*** Opening of RECORDS SHOWN ***
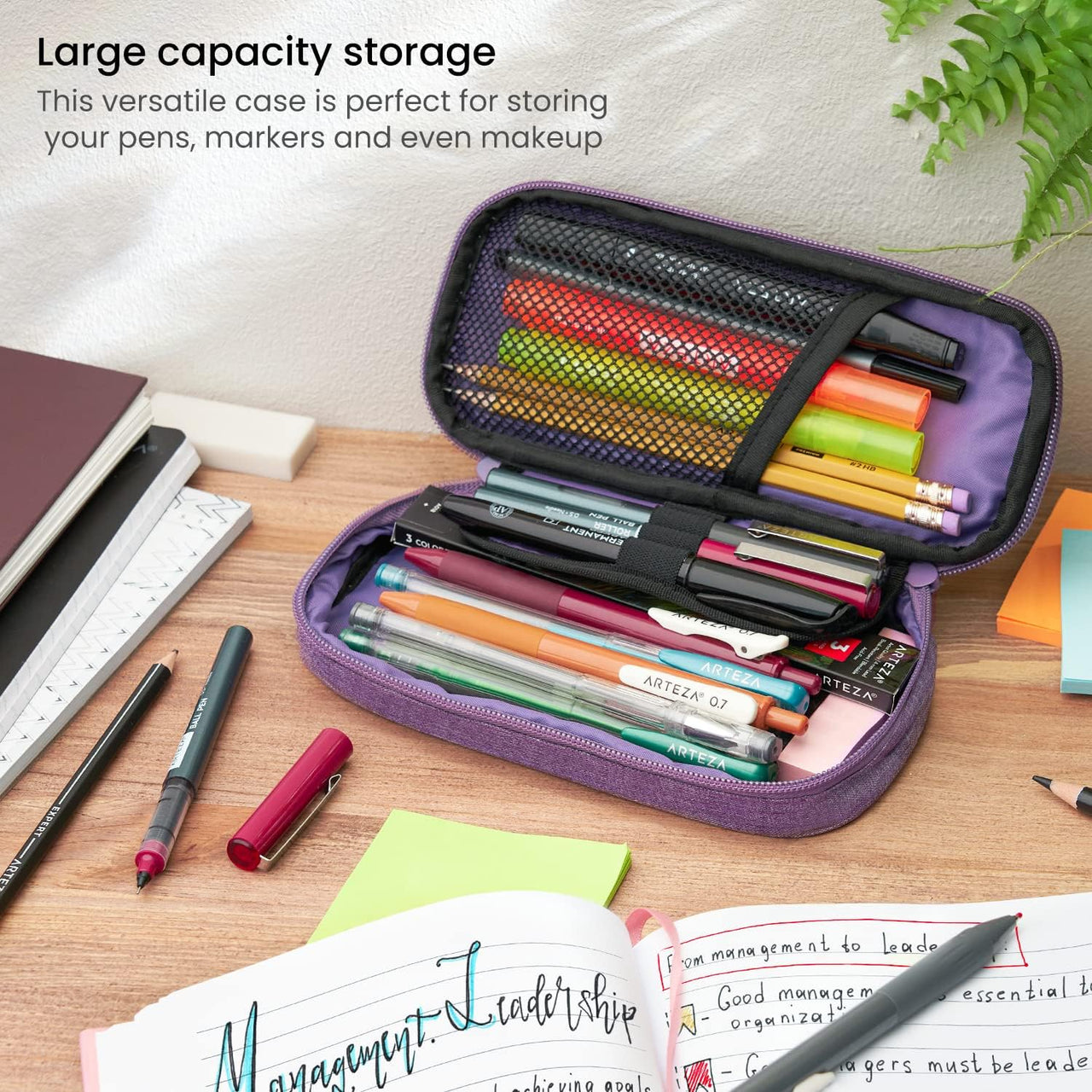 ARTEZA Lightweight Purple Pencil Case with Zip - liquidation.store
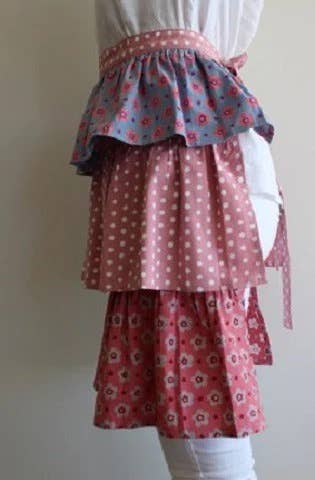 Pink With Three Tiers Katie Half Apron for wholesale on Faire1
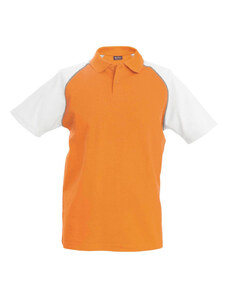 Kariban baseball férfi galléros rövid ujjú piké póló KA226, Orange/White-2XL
*** Close of RECORDS SHOWN ***
*** Opening of RECORDS SHOWN ***
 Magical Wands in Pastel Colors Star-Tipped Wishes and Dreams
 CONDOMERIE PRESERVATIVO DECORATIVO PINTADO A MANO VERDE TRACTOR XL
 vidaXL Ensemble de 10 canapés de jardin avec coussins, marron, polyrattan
*** Close of RECORDS SHOWN ***
* EXERCISE
Given the data above, transcribe exactly the lines from the one containing "Magical Wands in" down to the one containing "vidaXL Ensemble de", and no others.

* ANSWER SECTION
 Magical Wands in Pastel Colors Star-Tipped Wishes and Dreams
 CONDOMERIE PRESERVATIVO DECORATIVO PINTADO A MANO VERDE TRACTOR XL
 vidaXL Ensemble de 10 canapés de jardin avec coussins, marron, polyrattan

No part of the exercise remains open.